Заканчивая свои воспоминания о мысе Лазарева, хочу еще раз подтвердить, что здесь находился один из лагерей под номером п/я 241/15, который входил в стройку 500. Стройка была секретная. Управление стройки 500 МВД находилось в городе Софийске. Начальником строительства был подполковник Арайс. Начальником лагеря п/я 241/15 был майор Зарубин, оперуполномоченным — старший лейтенант Надейкин. (Если писать историю Сахалинского туннеля, то мои сведения могут пригодиться.) В лагере были уголовники и политические. Среди политических в этом лагере были мои друзья: Боев Анатолий Яковлевич и Емшанов Анатолий.
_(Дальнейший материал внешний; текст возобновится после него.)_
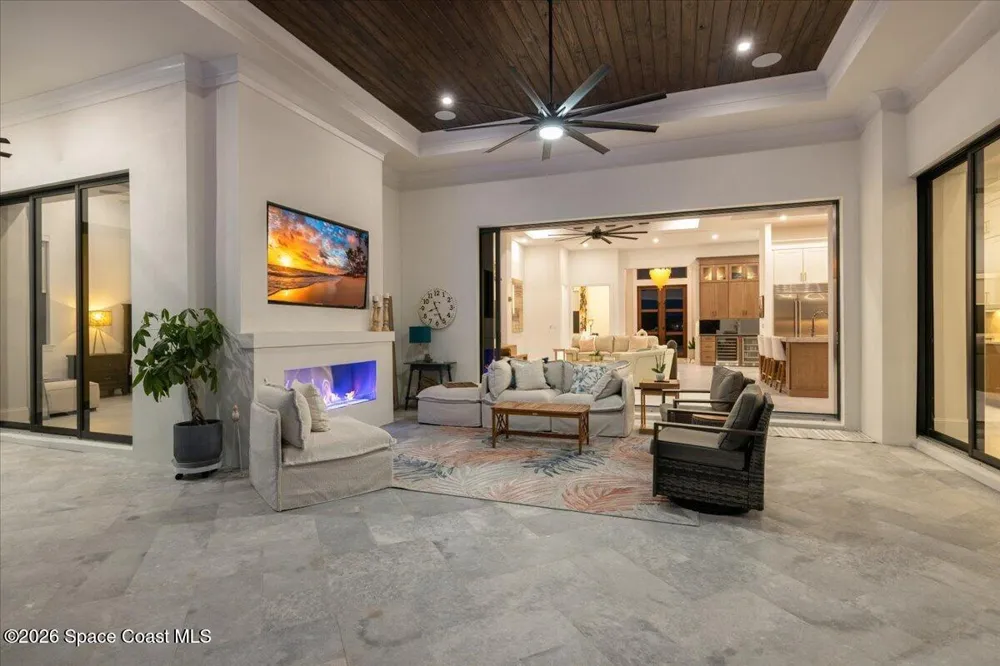 1023 W Polo Grounds Drive Vero Beach, FL 32966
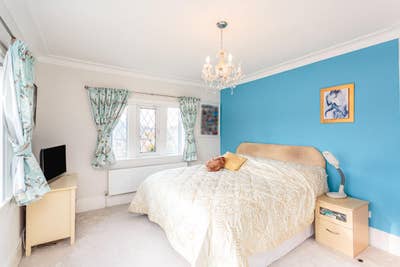 Double room, en suite available near Victoria hosp Main Photo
В архивах МВД по стройке 500 есть книги зачетов; эти книги составлялись ежеквартально, по ним можно точно узнать, сколько было политических и сколько уголовников. Для составления книг зачетов привлекали и заключенных, у кого был хороший почерк. Я несколько раз участвовал в составлении этих книг. Что они представляют собой, я помню до сегодняшнего дня. Размером примерно 30 х 40 см, количество листов — примерно около сотни.
Глава 7
Сахалин
Итак, мы на Сахалине, недалеко от поселка Погиби Рыбновского района. Здесь действительно уже были начаты работы по возведению дамбы. Предполагалось соединить дамбой поселок Погиби и мыс Невельского (расстояние около сорока километров), а по суше Погиби соединить железной дорогой с городом Александровском; где-то здесь и должна была пройти железная дорога из туннеля. Зима выдалась суровая, работы велись в две смены, на некоторых участках даже в три.
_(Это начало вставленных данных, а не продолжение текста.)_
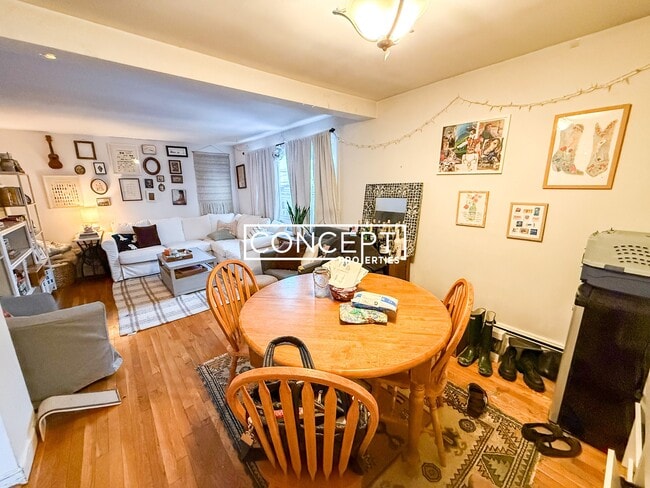 Building Photo - 22 Murdock St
Новое место, новые заботы, а тут еще я заболел желтухой. Но меня поддерживало морально то, что жена благополучно доехала домой, — я получал регулярно от нее письма. Она поддерживала мое существование и материально. Все это было главным фактором в моей жизни, и я думал о будущем.
Многие из охраны лагеря на мысе Лазарева оказались на Сахалине. В коротких перерывах мы вспоминали прошлую свою жизнь и мечтали о будущем. Воспоминания о прошлом и детстве не скрашивали нашу участь, потому что кошмарные дни пребывания в лагерях заслоняли все хорошее и не давали никакой надежды на будущее.
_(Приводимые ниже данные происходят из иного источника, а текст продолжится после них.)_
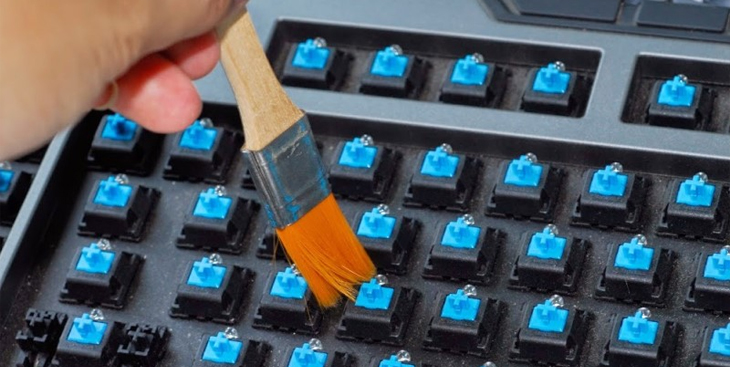 Cách vệ sinh bàn phím cơ tại nhà đơn giản và sạch sẽ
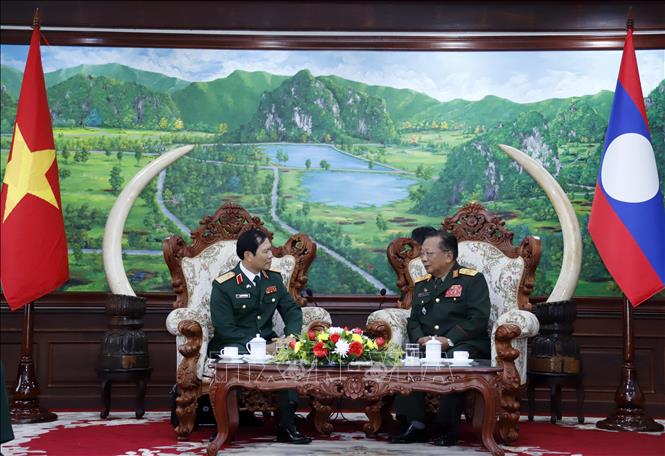 Trong ảnh: Phó Thủ tướng, Bộ trưởng Quốc phòng Lào Chansamone Chanyalath tiếp thân mật Thượng tướng Nguyễn Tân Cương. Ảnh: Phạm Kiên - Phóng viên TTXVN tại Lào.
Об отношении администрации к заключенным можно написать много, и все только плохое, за исключением отдельных случаев.
Администрация боялась заключенных, не только живых — мертвых еще больше. Очередные похороны на Сахалине и заставили меня вспомнить всю процедуру захоронения заключенных.
С похоронами людей мне пришлось иметь дело еще в детстве. Я не хоронил своих родственников, но чужих, совсем незнакомых людей я перехоронил много. Хорошо помню 1938 год. Мне было двенадцать лет, жили мы в поселке. Отец работал в поселковой больнице, ему дали лошадь. Поселок наш был большой, работали две шахты, лесозавод, водолечебница, электростанция и ряд других предприятий. Школ было две. Учился и я, в большой двухэтажной школе. Дисциплина в школе была отличной. Учителей уважали, боялись директора. На всю школу была одна уборщица; все она успевала делать: подавала звонки, мыла полы, дежурила в раздевалке. Зимой я учился. Летом работы дома было много, и ко всему этому отец брал меня с собой на работу, когда ему одному справиться было не под силу. А такая тяжелая работа собиралась, как правило, к выходному дню.
Насколько я помню, в то время почему-то свозили из других мест в нашу больницу людей в тяжелом состоянии, тех, кого избили на допросах в НКВД, и, как правило, такие больные умирали, а родственникам об их смерти не сообщали. Вот этих умерших и приходилось мне с отцом хоронить. Отец с вечера предупреждал меня, чтобы я на следующий день к обеду приходил в больницу, а к этому времени могила, которую он рыл один, была уже готова. Во второй половине дня мы запрягали лошадь, заходили в морг, брали мертвого, кого нужно было хоронить (его помечали белой тряпицей, привязанной к ноге), клали в гроб, забивали крышку, ставили гроб на телегу и везли на кладбище. Там опускали гроб по доскам в могилу и засыпали землей. Ни крестов, ни пометок не ставили, и только бугорок земли напоминал какое-то время, что там есть захоронение.
Таким образом хоронили мы много, в неделю по три-четыре человека, и так все лето. Заставляли хоронить в разных местах кладбища. Затем отец уволился из больницы и перешел работать на электростанцию, а мертвецы еще долго снились мне.
Вспомнил я об этом потому, что те похороны были связаны с репрессиями людей в далекое довоенное время, а теперь, когда сам оказался репрессирован, я узнал, как хоронят в лагерях.